Por que a lenda de Atlântida continua cativando a imaginação popular, mesmo com evidências de que nunca existiu?
Da tumba do Rei Tut aos Manuscritos do Mar Morto, parece que não há nada que os arqueólogos não possam desenterrar. Então, por que ainda não encontraram Atlântida? Essa é uma pergunta frequentemente feita a arqueólogos como David S. Anderson, que diz ser bombardeado com perguntas sobre a ilha e sua suposta existência diariamente.
“É muito mais comum as pessoas me perguntarem sobre pseudoarqueologia do que sobre arqueologia regular”, diz Anderson, professor assistente da Universidade de Radford, especializado em arqueologia Maia e Mesoamericana, em reportagem publicada pelo National Geographic.
Para ele e seus colegas, a resposta é sempre a mesma: nunca encontraremos Atlântida porque é inteiramente fictícia. Mas isso não impediu que a suposta existência da ilha perdida (ou continente) despertasse a imaginação do público, deixando mais de mil anos de especulação e teorias da conspiração em seu rastro.
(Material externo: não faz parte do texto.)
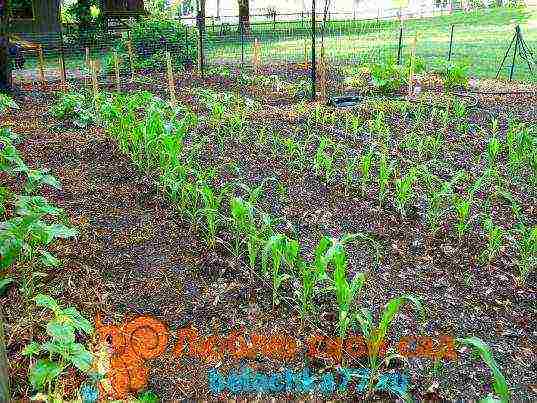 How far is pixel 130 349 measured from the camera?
9.04 ft

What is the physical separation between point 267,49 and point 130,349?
13718mm

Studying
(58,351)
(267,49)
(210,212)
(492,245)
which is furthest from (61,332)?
(267,49)

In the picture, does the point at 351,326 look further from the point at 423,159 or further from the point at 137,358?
the point at 423,159

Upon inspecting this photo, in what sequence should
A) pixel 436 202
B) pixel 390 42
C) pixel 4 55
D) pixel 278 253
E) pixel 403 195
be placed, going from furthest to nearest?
pixel 390 42 → pixel 4 55 → pixel 403 195 → pixel 436 202 → pixel 278 253

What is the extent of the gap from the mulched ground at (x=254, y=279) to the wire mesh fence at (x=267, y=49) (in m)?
5.25

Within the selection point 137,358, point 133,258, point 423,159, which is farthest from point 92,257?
point 423,159

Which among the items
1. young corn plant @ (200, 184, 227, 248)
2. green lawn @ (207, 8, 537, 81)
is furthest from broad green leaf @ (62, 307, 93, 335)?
green lawn @ (207, 8, 537, 81)

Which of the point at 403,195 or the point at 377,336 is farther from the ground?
the point at 403,195

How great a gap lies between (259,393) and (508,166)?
4.04m

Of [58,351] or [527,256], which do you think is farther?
[527,256]

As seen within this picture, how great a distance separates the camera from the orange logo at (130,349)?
247 centimetres

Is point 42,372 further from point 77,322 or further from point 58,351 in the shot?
point 77,322

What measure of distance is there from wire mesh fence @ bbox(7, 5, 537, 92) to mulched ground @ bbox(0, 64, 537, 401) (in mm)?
5251

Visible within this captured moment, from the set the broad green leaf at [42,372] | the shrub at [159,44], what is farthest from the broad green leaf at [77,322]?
the shrub at [159,44] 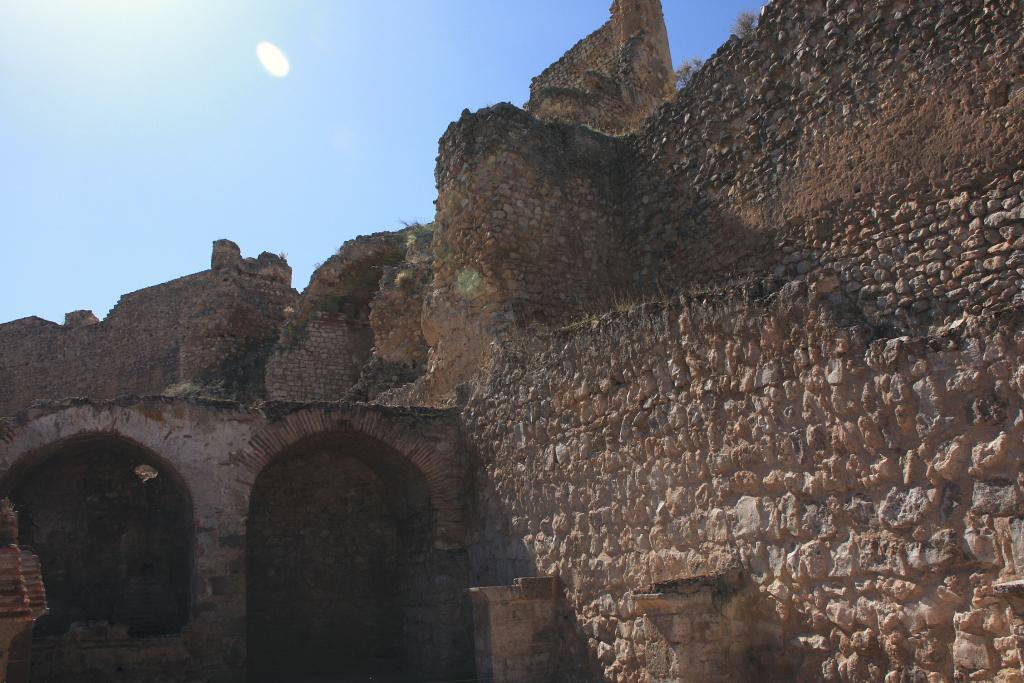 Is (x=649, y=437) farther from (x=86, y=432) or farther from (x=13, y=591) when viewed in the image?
(x=86, y=432)

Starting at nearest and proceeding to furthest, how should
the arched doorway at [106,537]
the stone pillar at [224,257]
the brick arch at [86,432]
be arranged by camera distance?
the brick arch at [86,432]
the arched doorway at [106,537]
the stone pillar at [224,257]

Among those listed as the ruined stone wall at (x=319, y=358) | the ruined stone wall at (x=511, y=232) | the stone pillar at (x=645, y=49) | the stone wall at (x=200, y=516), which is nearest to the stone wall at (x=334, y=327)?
the ruined stone wall at (x=319, y=358)

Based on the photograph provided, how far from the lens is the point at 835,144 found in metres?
9.37

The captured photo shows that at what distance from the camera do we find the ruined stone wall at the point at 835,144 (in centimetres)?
805

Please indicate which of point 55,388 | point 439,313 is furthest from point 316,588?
point 55,388

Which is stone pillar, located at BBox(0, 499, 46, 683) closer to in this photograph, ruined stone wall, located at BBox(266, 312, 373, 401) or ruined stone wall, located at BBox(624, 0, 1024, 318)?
ruined stone wall, located at BBox(624, 0, 1024, 318)

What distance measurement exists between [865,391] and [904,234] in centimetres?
378

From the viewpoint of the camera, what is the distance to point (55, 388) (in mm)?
24078

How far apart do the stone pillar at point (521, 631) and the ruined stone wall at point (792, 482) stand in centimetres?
32

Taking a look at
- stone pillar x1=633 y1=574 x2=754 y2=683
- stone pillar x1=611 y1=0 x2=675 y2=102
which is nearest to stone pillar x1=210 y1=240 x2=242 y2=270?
stone pillar x1=611 y1=0 x2=675 y2=102

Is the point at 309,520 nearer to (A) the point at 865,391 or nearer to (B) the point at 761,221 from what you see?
(B) the point at 761,221

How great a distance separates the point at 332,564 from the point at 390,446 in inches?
103

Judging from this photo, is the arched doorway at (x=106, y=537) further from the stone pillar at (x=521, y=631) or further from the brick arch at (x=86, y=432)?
the stone pillar at (x=521, y=631)

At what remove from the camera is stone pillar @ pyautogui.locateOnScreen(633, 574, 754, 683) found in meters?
5.98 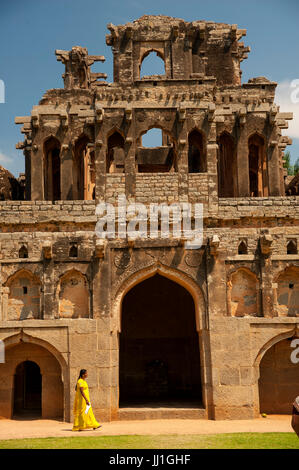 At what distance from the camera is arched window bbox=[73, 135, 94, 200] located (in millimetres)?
20844

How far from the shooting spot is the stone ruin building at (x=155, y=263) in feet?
54.9

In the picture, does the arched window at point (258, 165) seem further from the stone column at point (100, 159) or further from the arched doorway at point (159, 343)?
the stone column at point (100, 159)

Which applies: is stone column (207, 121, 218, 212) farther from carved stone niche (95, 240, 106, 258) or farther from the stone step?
the stone step

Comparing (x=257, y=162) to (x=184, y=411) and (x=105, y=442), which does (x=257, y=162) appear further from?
(x=105, y=442)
A história de Atlântida é o tema de obras modernas como Viagem ao Centro da Terra e a recente série da Netflix, Apocalipse Antigo. Mas a história é criação do filósofo grego Platão, que apresentou a ilha em dois de seus diálogos socráticos no século IV a.C. Platão a chamou de Atlantis nêsos, ou “ilha de Atlas”, e não pretendia que ela representasse o ápice da realização humana. Em vez disso, a civilização insular foi concebida como um contraponto fictício à cidade real de Atenas.
“Platão é um mentiroso”, diz Flint Dibble, arqueólogo e pesquisador da Universidade de Cardiff. “Ele nunca afirma estar escrevendo história”. Contudo, mesmo com indicações de que a cidade era imaginária, a ideia de Atlântida alimentou imaginações desde então, juntamente com alegações de que era um lugar real cujos restos contêm provas de uma civilização perdida e superior.
A busca por Atlântida já passou pelo Mediterrâneo, Pacífico, Atlântico e até pela Escandinávia. Porém, a falta de evidências históricas reais que sustentem a parábola de Platão não impediu as pessoas de continuarem suas caçadas e insistirem que os arqueólogos estão escondendo provas da cidade perdida do público.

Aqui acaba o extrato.